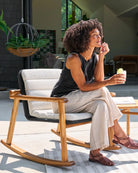 Dove FIQA Boucle / Black Rattan Seat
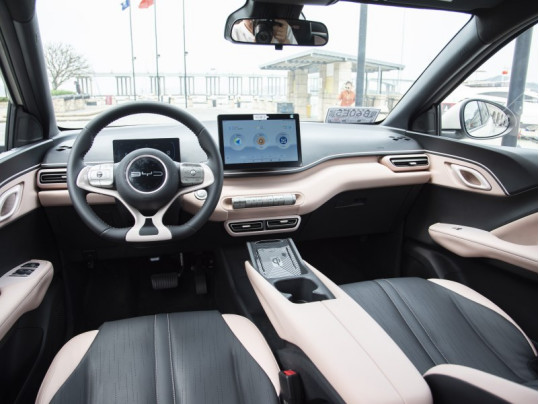 Желтый Byd Морская чайка Хэтчбек Автомобиль Чистый электрический 5 мест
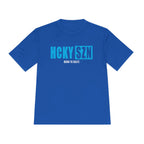 HCKYSZN (Born to Skate) Adult Performance Tee - Royal/Sky Blue/White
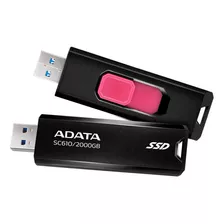 Disco Solido Ssd Externo Adata Sc610 2tb Usb 3.2 Windows Mac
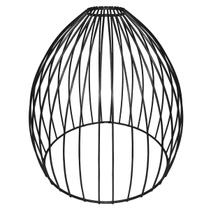 Cupula de Aramado Balloon Preto Para Pendentes e Abajures Cupula de Aramado Balloon Preto Para Pendentes e Abajures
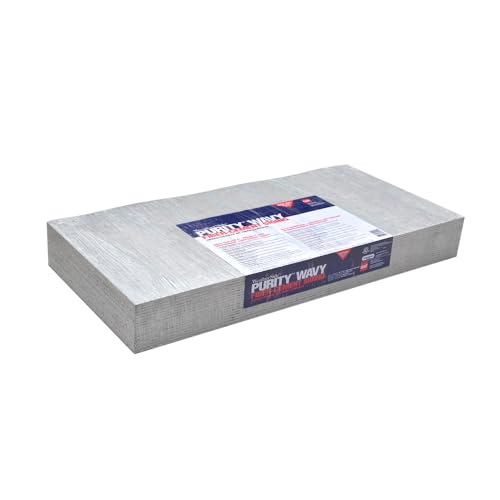 GAF WeatherSide Purity Wavy Fiber-Cement Siding Shingles (12x24) 18 Bundle| Fire Resistant & Safe with No Asbestos| Easy to Install with Pre-Primed Textured Surface|Durable with Distinct Design - size: Wavy Bundle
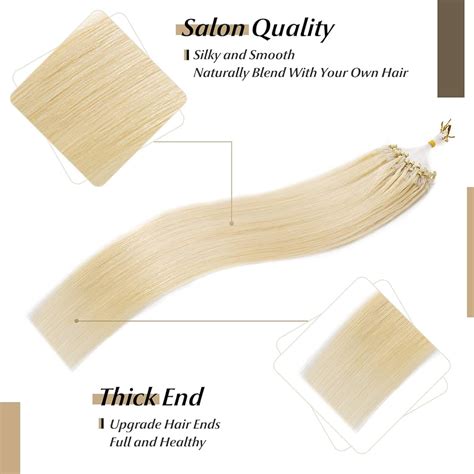 Sego 100 Real Remy Human Hair Extensions Thick Micro Loop With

- - - - -

**Exercise brief:** Each entry above must come back exactly as written. Drop the images.

**Response area:**
 Dove FIQA Boucle / Black Rattan Seat
 Желтый Byd Морская чайка Хэтчбек Автомобиль Чистый электрический 5 мест
 HCKYSZN (Born to Skate) Adult Performance Tee - Royal/Sky Blue/White
 Disco Solido Ssd Externo Adata Sc610 2tb Usb 3.2 Windows Mac
 Cupula de Aramado Balloon Preto Para Pendentes e Abajures Cupula de Aramado Balloon Preto Para Pendentes e Abajures
 GAF WeatherSide Purity Wavy Fiber-Cement Siding Shingles (12x24) 18 Bundle| Fire Resistant & Safe with No Asbestos| Easy to Install with Pre-Primed Textured Surface|Durable with Distinct Design - size: Wavy Bundle
 Sego 100 Real Remy Human Hair Extensions Thick Micro Loop With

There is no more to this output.